You'll recall, mes amis, that the Bush administration had declared itself immune from the protocols of international and domestic law -- not to mention the Military Code of Justice -- in the matter of trials for the Guantánamo detainees. Because they were swept up as part of the so-called War on Terror -- which is being waged against the United States, according to the White House, not by governments but by individuals -- the administration contended that the rules by which our nation is bound in the conduct of warfare did not apply to those it deemed to be terrorists.
Yesterday, the High Court ruled that the show trials of detainees concocted by the administration were not legal, because they did not meet the minimum conditions laid out in Article 3 of the Geneva Conventions, to which the U.S. is a signatory.
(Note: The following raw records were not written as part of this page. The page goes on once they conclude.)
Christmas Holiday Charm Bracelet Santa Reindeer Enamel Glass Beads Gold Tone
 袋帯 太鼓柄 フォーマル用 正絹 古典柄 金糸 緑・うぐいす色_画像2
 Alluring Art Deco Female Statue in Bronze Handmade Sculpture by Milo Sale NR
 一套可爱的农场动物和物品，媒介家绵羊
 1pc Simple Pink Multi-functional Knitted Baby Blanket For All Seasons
For its part, the Pentagon claims that the Court's ruling has no bearing on its practice of holding detainees indefinitely without charge, but that line of reasoning is errant on its face. If the show trials (or tribunals, as they are called) are not valid because they fail to meet the standards of international and Constitutional law, then surely detention absent habeas corpus should be struck down by the same decision. At least, that's your blogstress's reading of the matter, which relies more on augury than actual knowledge of the law.